Le jugement des pairs
J’ai récemment consacré un billet sur la tentation de l’autoédition. J’y ai exposé mon humble opinion d’écrivain, servi par ma pauvre expérience (quatre nouvelles publiées, deux rejetées, un roman rejeté en révision).
Il reste que mes lecteurs sont, au moins pour la moitié, des auteurs qui semblent fortement loucher du côté de l’autoédition, à voir les mots clefs qui les amènent. Aussi je crois nécessaire de préciser un peu ma pensée.

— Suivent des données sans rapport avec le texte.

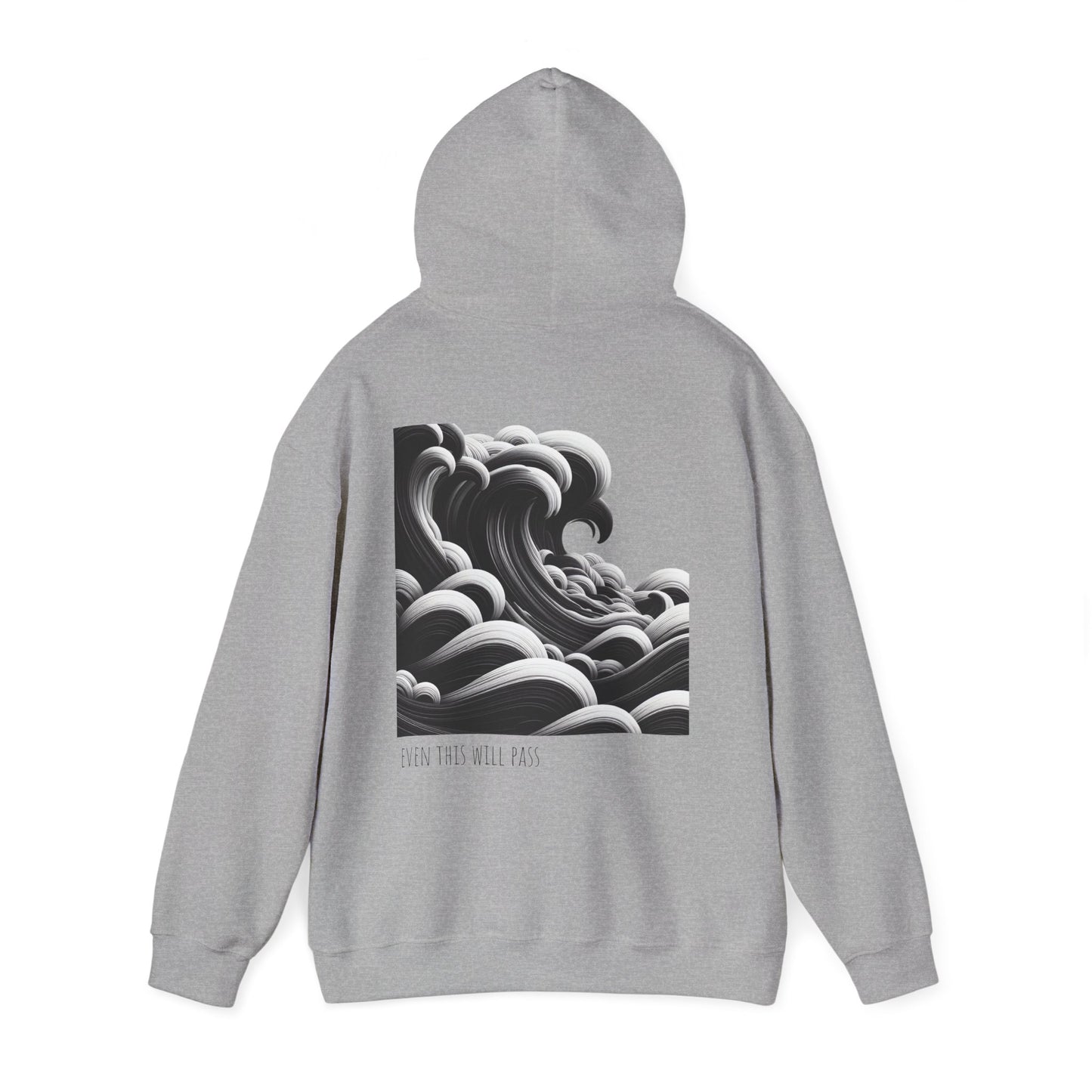 Even this will pass Hoodie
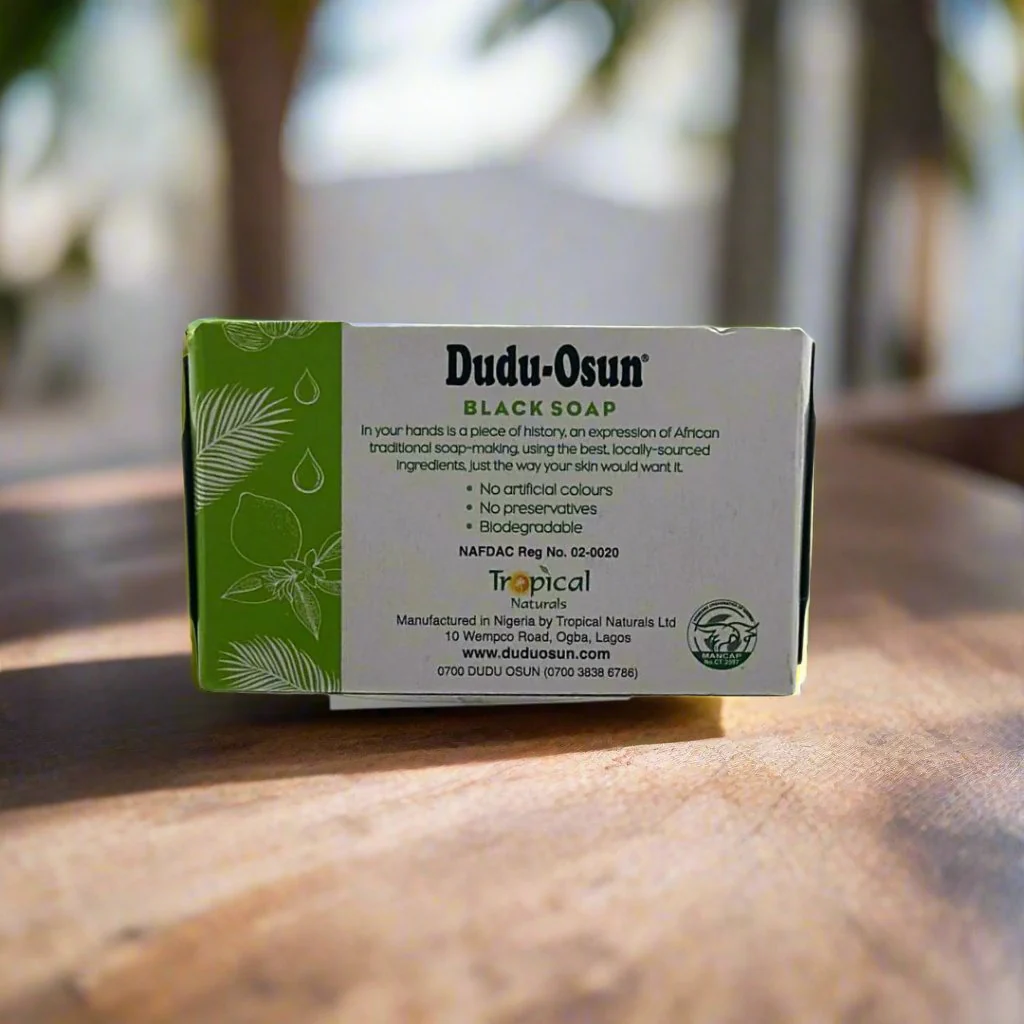 Dudu-Osun African Black Soap - Image 3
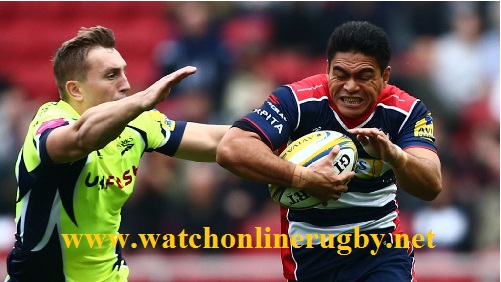 Bristol Rugby vs Worcester Warriors live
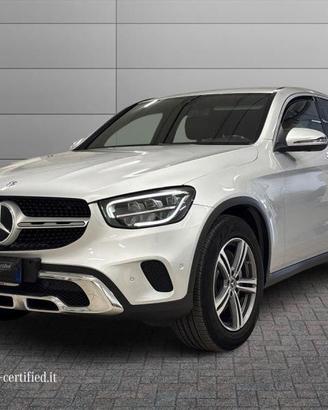 Mercedes GLC 220 d Sport 4matic auto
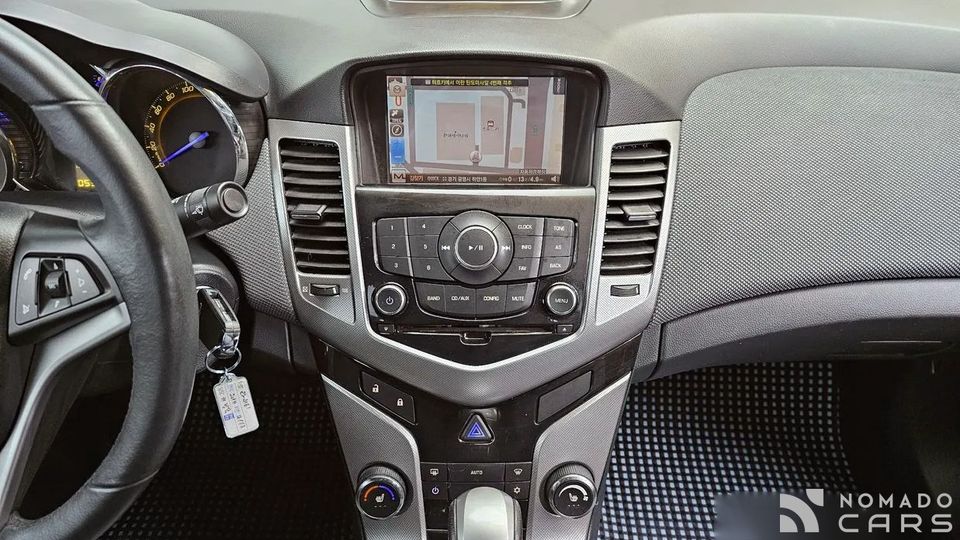 ChevroletGMDaewoo Lacetti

Il y a beaucoup à dire sur le domaine de l’édition, et plus particulièrement sur l’autoédition. Certains auteurs — ils sont de plus en plus nombreux — le font afin d’augmenter leur marges; à mon humble avis cela ne peut bénéficier qu’à des auteurs extrêmement connus. Stephen King lui-même s’y est cassé les dents. D’autres le font afin de mieux contrôler leur livre, on simplement parce que leur projet n’a pas assez d’importance à leurs yeux pour justifier les démarches fastidieuses liées à l’édition. Toutes ces motivations sont légitimes. Malheureusement, il y a des auteurs qui lorgnent vers l’autoédition simplement par manquent de confiance en eux. Ils ont rêvé durant des années qu’un éditeur les publieraient, on leur a dit partout que les éditeurs ne publient aucun nouvel auteur, ils y ont cru, et ils sont maintenant prêt à renoncer à leur rêve sans même lui donner une chance. Voilà une motivation, la peur, que je considère regrettable.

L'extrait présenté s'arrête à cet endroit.